The prime minister did succeed, however, in the diplomatic arena. The campaign had the full backing of the international community. With his hesitance to launch the operation and his immediate, unconditional acceptance of the ceasefire, he scored major points in capitals around the world — including the Arab world, where people slowly but surely have started to blame Hamas for Gaza’s misery, understanding that Israel had no other choice but to act against incessant rocket fire.

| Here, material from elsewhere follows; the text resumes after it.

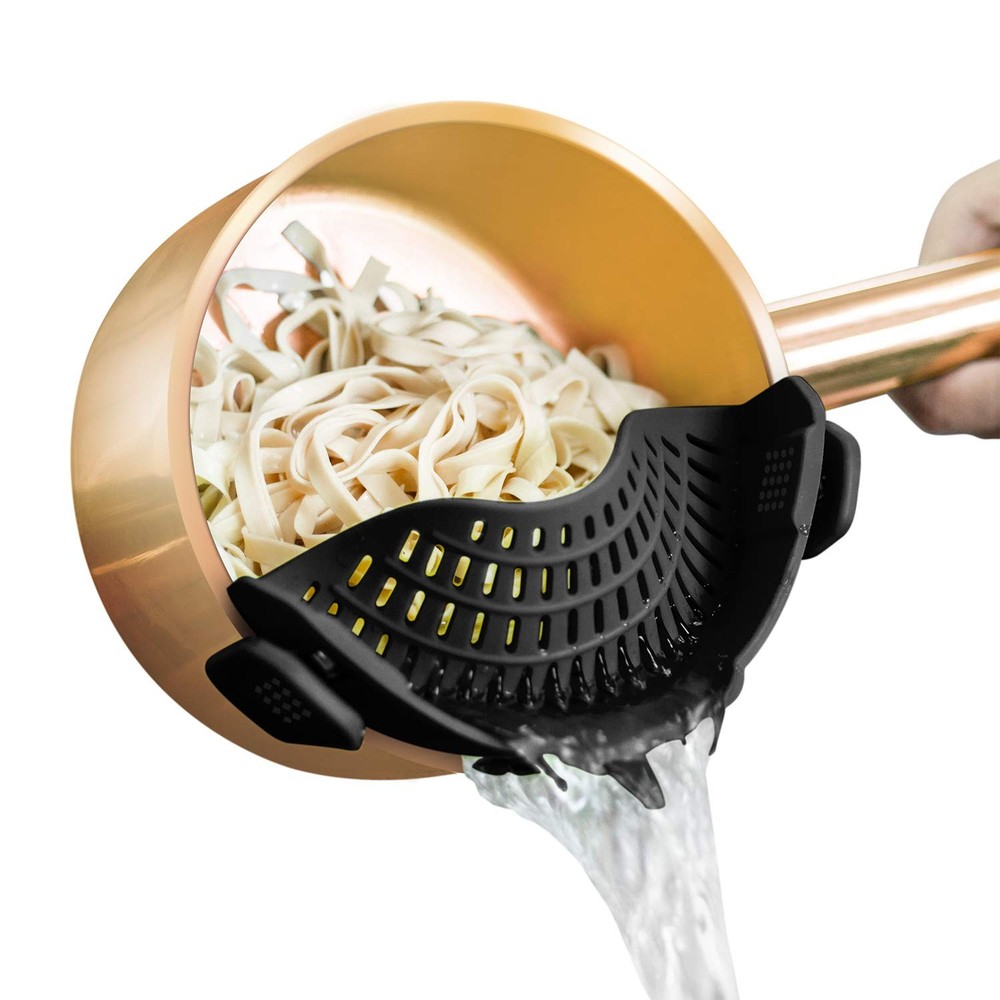 AUOON Clip On Strainer Silicone for All Pots Standard 8.86 x 3.55 in, Black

But whoever says that Netanyahu is not keen on war needs to mention that he is no peacemonger, either. While supporting a two-state solution in principle, he on Friday indicated that under his leadership Jerusalem would never be able to agree to an independent Palestinian state with control of the Jordan Valley. Citing Israel’s security needs in a region troubled by Islamist extremism, he said that even if it’s desirable, full Palestinian sovereignty is simply impossible.
Netanyahu is a man of the status quo. With terrorist threats looming literally from every corner of the Middle East, Netanyahu’s skepticism of bold steps toward regional reconciliation is understandable. But his constant pessimism appears to paralyze him. It prevents him from taking active steps, from launching his own diplomatic initiatives, from being proactive rather than reactive. That’s why under his leadership, Israel has seen no wars, but also no serious attempt at peace.